Kris Meeke: O Caminho das pedras de um piloto de ralis

Por a 22 Julho 2019 13:29

Kris Meeke tem tido uma carreira cheia de altos e baixos, mas com uma ascensão feita a pulso, de um piloto que está hoje em dia entre os cinco melhores do mundo. Depois do despedimento da Citroën, está a mostrar na Toyota que Tommi Mäkinen fez bem em apostar nele…

Kris Meeke é hoje em dia um dos melhores pilotos de ralis do mundo, isto depois de ter construído a sua carreira a pulso, e como se sabe, com muitos altos e baixos. Depois de uma ligação de quatro anos com a Citroën, que terminou mal, fruto de um período menos bom do piloto irlandês, parece agora ter encontrado paz e um chefe de equipa que sabe bem o que os pilotos precisam para dar o melhor de si. Já vimos Kris Meeke fazer mais do que tem feito este ano, mas tendo em conta o nível atual do WRC, um top 5 nunca será mau. Mas afinal, o que o trouxe até aqui? É isso que vamos ficar a saber.

O ano de 2009 trouxe o homem do Ulster para a ribalta do desporto automóvel, mas algo inesperadamente, já que foi um dos primeiros a destacar-se através da série Intercontinental Rally Challenge (IRC). De muitas maneiras, Kris Meeke tem uma história surpreendente. Ele nunca sonhou em tornar-se numa estrela dos ralis, ou sequer um piloto de rali. A ideia original no seio da sua família era aprender mais sobre engenharia – área na qual se formou – e trabalhar na indústria dos ralis. Por dentro, nos bastidores.
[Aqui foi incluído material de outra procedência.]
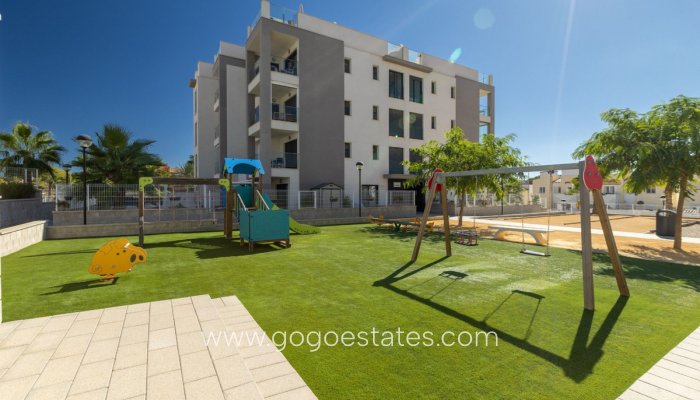 Te koop - Appartement - Begane Grond Appartement - Orihuela - Villamartin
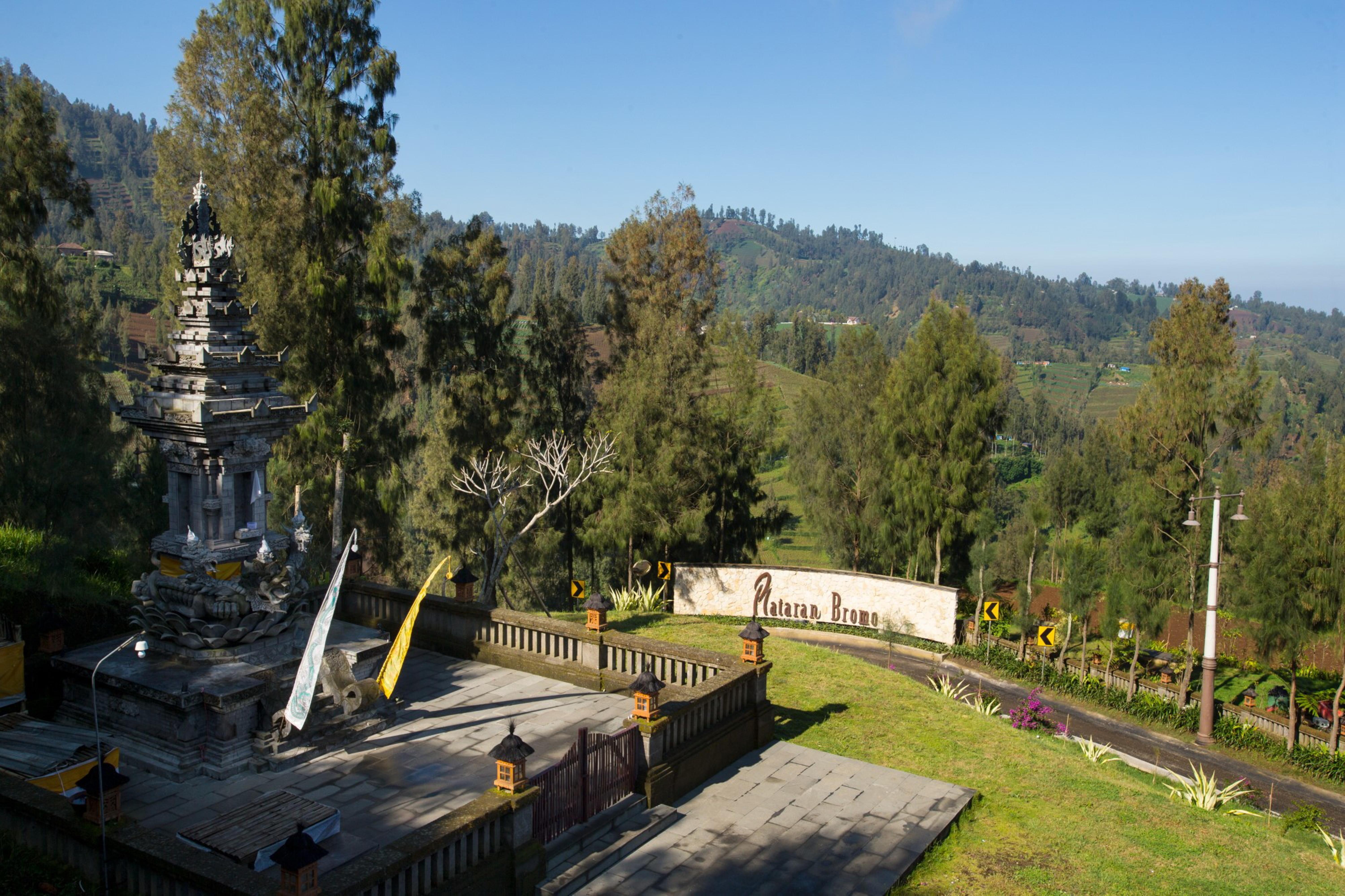 Plataran Bromo Hotel Екстериор снимка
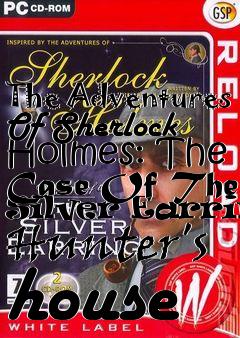 Box art for The Adventures Of Sherlock Holmes: The Case Of The Silver Earring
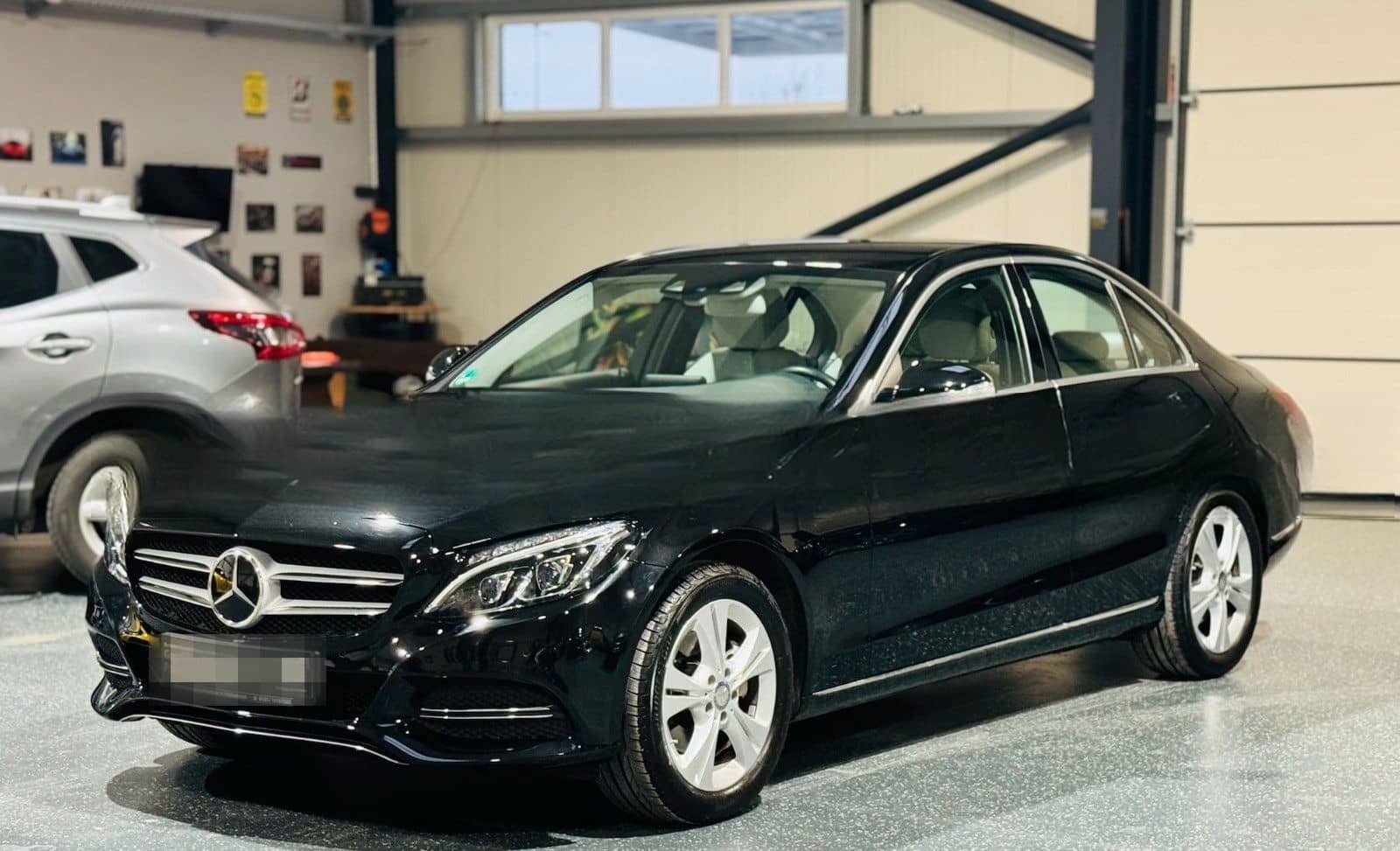 Mercedes-Benz C 200 CGI Avantgarde *1.HD*LEDER*NAVI*LED*PDC* foto 2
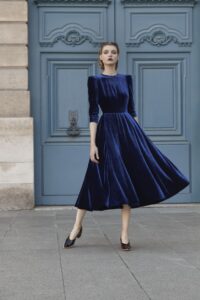 Changing the dress style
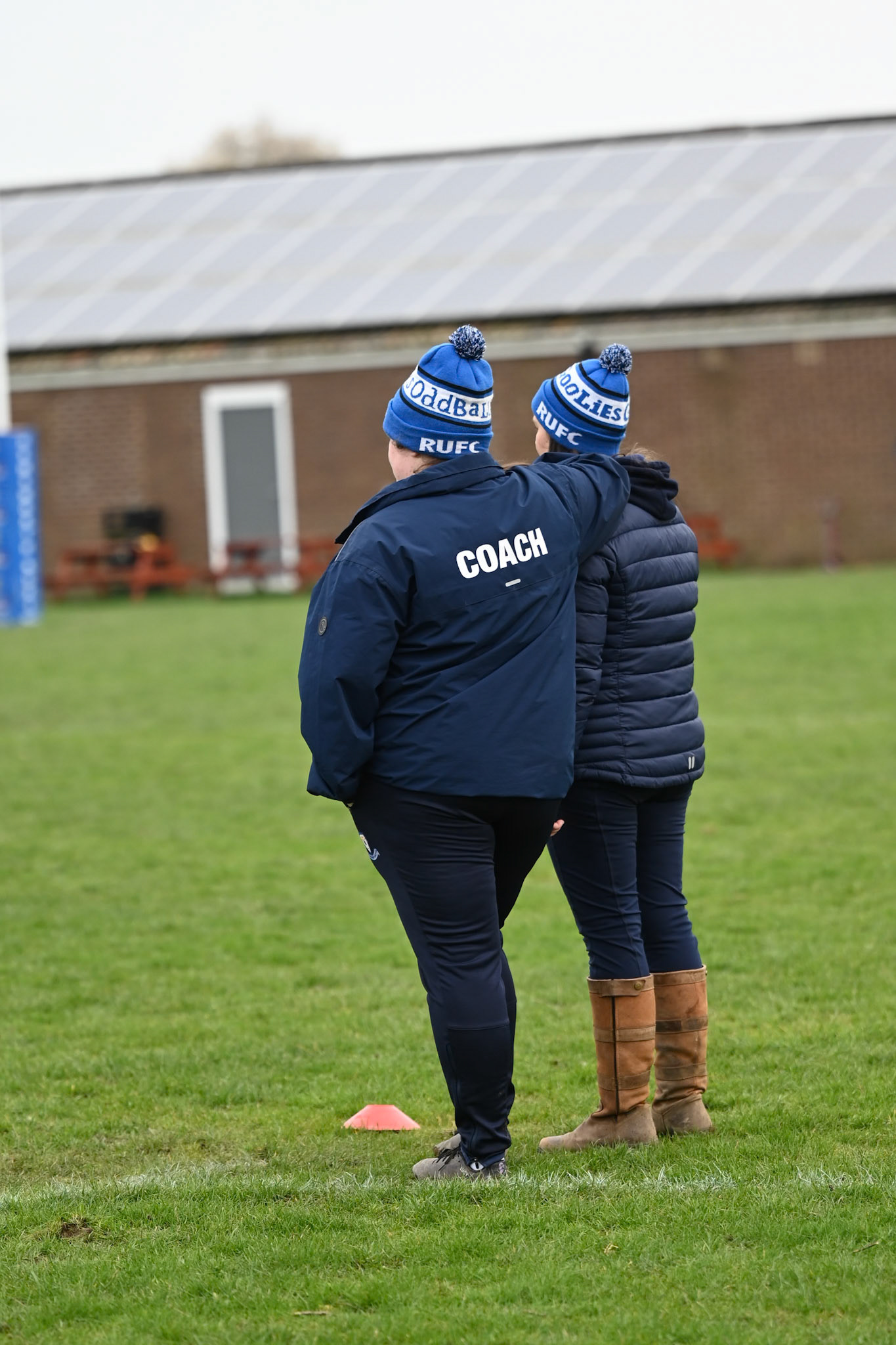 Ladies Rugby Union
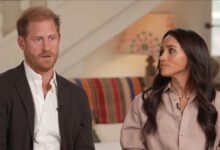 Prince Harry Steps Forward As Meghan Markle Faces Criticism Amid Montecito Crisis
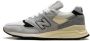 New Balance 998 Made in USA "Grey" sneakers Grijs - Thumbnail 5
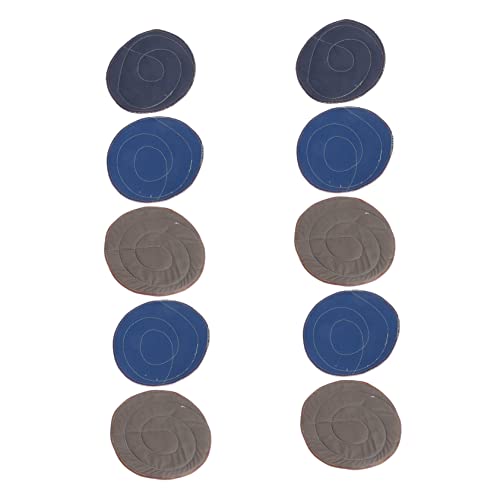 Mipcase Nest Pad 10 Stücke Pack Nicht-Matte Weich Für Vögel Für Zucht Box Farbe von Mipcase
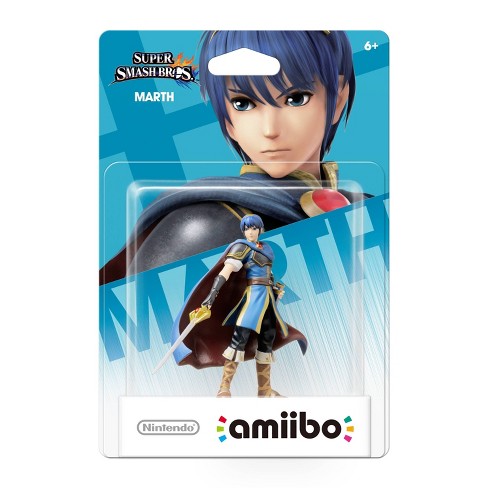 Super Smash Bros Amiibo Figure - Marth : Target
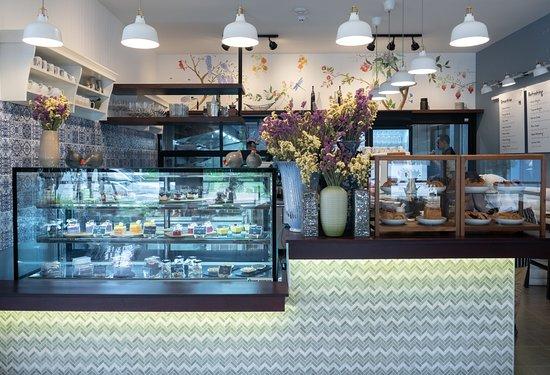 Gecko Garden Cafe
Dez anos e cinco vitórias no WRC depois, está prestes a cumprir o seu 100º evento do WRC, na Finlândia: “Eu nunca pensei que teria a habilidade para conduzir um carro de ralis. O meu pai incentivou-me muito para ter educação, e por isso eu fui para a Universidade de Queen’s em Belfast. Foi um período da minha vida para o qual olho de forma feliz. Sendo eu formado em engenharia, apontei a minha carreira para ser o melhor engenheiro que podia. Isso veio da experiência do meu pai no desporto. Quando eu tinha dois ou três anos, ‘rastejava’ pela oficina do meu pai, enquanto ele trabalhava em carros de ralis, como o Opel Ascona de Bertie Fisher, Ford Escort, todo o tipo de carros. O meu interesse em engenharia desenvolveu-se através disso.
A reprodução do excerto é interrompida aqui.